Likya Kaya Mezarları
Ülke tanıtımında da sıklıkla kullanılan Likya Kaya Mezarları, Kaunos Antik Kenti’nde yaşayan halk tarafından oluşturulmuş. İster denizden isterseniz de karadan ulaşabileceğiniz mezarların en eskisi M.Ö. 4. yüzyılın 2. çeyreğine tarihlendirilmiş. Aşağısındaki suya yansıyan görüntüleriyle fotoğraf çekmeyi sevenlere eşsiz manzaralar sunan kaya mezarları, yabancı toplulukların akınları sonucu yarım kalan büyük mezarla birlikte toplam 6 gruptan oluşuyor.
Sülüngür Gölü
Ziyaret için en uygun döneminin nisan-ekim ayları arası olduğu Sülüngür Gölü, Köyceğiz Gölü’nü Akdeniz’e bağlayan Köyceğiz–
Dalyan Lagün Sistemi’nin bir parçasını oluşturuyor. Kıyısının bir bölümü çam ormanlarıyla kaplı gölde balık kooperatifi tarafından çipura ve levrek yetiştirildiği için çevresinde konaklamaya izin verilmiyor. Ancak uzunluğu 2 kilometreyi, genişliğiyse 1,5 kilometreyi bulan Sülüngür’ün tuzlu suyunda yüzerek serinleyebilirsiniz.

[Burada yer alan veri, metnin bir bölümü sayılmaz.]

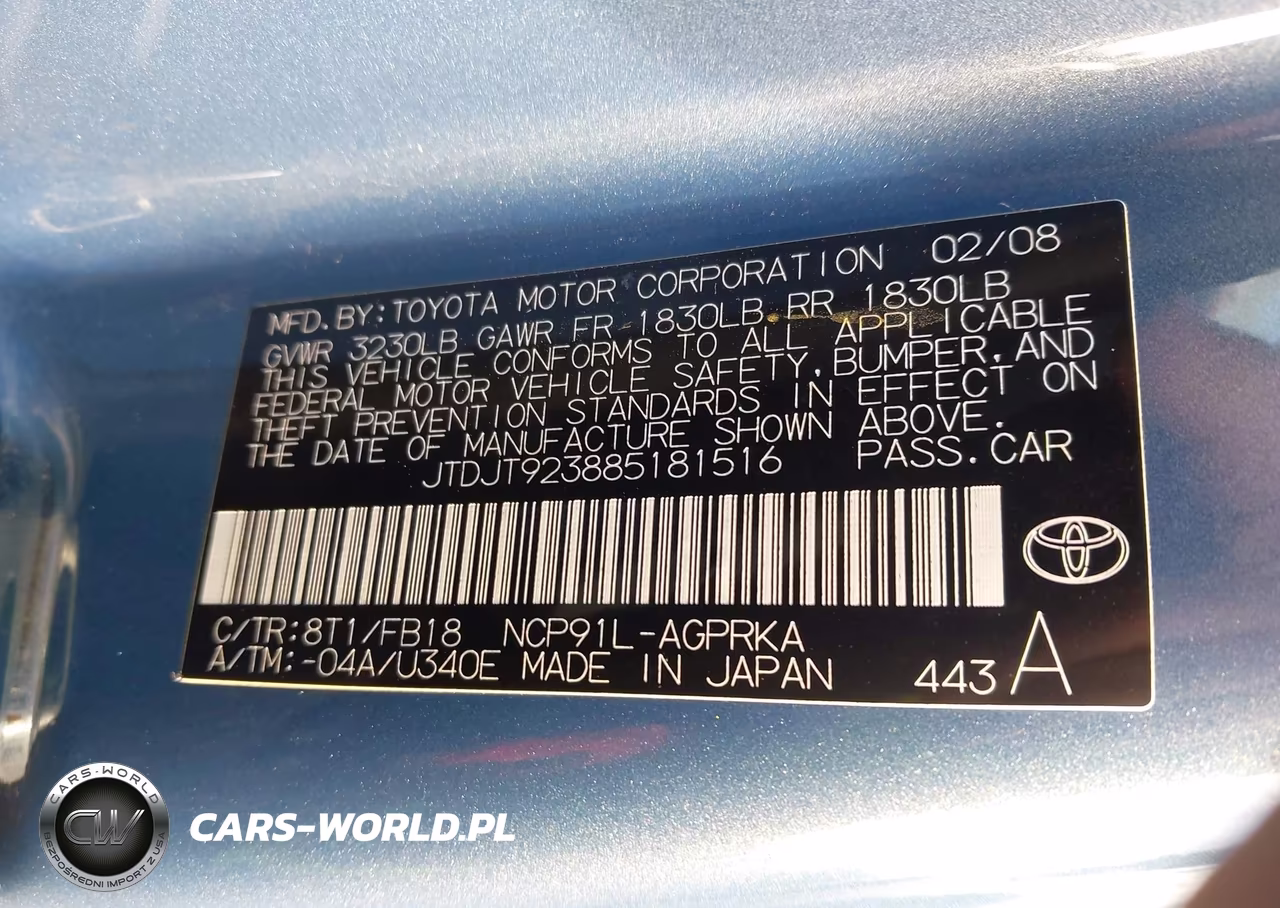 2008 Toyota Yaris VIN:JTDJT923885181516 - 9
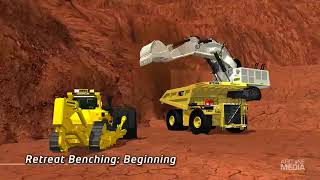 Mining Animation 2012 Double Benching liebherr [upl. by Duahsar]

Tipik bir Ege köyü havasındaki mahallede her cumartesi kurulan pazarı, hem yöresel eşyaları hem de bölgenin verimli arazilerinde yetişen tarım ürünlerini satın almak için
Dalyan gezilecek yerler listenize ekleyebilirsiniz. Bölgenin güler yüzlü, dost canlısı insanının
Dalyan Pazarı’na getirdiği ürünler, çeşitlilikleri nedeniyle neredeyse her zevke hitap ediyor. Rengârenk tezgâhlarının arasında dolaşırken fotoğraf çekecek ideal kareleri kolayca yakalayabileceğiniz pazarda karnınız acıkırsa köylü kadınlar tarafından yeni yapılmış bir gözlemeyle karnınızı doyurmanızı tavsiye ederim.
Ekincik Koyu
Caretta Caretta’ların yumurtladığı alanlardan birisi olan Ekincik Koyu, doğallığını koruyan eşsiz güzellikleri sayesinde hem karadan hem de denizden gelen pek çok tatilciye hayatlarında unutamayacakları anlar yaşatıyor. Günübirlik denize girmenin yanı sıra tesisleri sayesinde konaklama için de tercih edebileceğiniz koydan hareket eden teknelerle çamur banyosu yapabileceğiniz Sultaniye, Delibey, Gelgirme gibi kaplıcalara ulaşabilirsiniz. Sakinliği ile ön plana çıkan koyda ayrıca yemek yiyebileceğiniz çok güzel restoranlar da faaliyet gösteriyor.
Bacardi Koyu
Yerel halk tarafından “Kara Salih”, resmi olaraksa “Kargıcak” olarak adlandırılan Bacardi Koyu, Dalyan’da rahatsız edilmeden denize girip; güneşlenebileceğiniz bakir yerlerden bir tanesi. Araçların geçebileceği bir yolu olmadığı için sadece yaya ulaşabileceğiniz koy, neredeyse çakıl büyüklüğünde kumla kaplı 200 metrelik sahile sahip. İztuzu Plajı’nın solunda kalan koyun denizi ise kimi zaman hırçın olabiliyor.
Aşı Koyu
Dalyan’a 20, Sarıgerme’ye ise 14 kilometre uzaklıktaki Aşı Koyu, büyük şehrin gürültüsünden uzaklaşmak ve kafa dinlemek isteyenler için ideal ortama sahip bir yer. Patikalardan yürüyerek ulaşabileceğiniz koy, el değmemiş doğası nedeniyle deneyimli gezginlerin uğrak yeri konumunda. Eğer dalış yapmayı seviyorsanız, koyun zengin su altı çeşitliliğini rahatsız edilmeden deneyimleyebilirsiniz.
Sultaniye Kaplıcaları
Köyceğiz Gölü´nün güney batısında Ölemez Dağı´nın eteklerinde yer alan Sultaniye Kaplıcaları´nın tarihi günümüzden binlerce yıl öncesine dayanır.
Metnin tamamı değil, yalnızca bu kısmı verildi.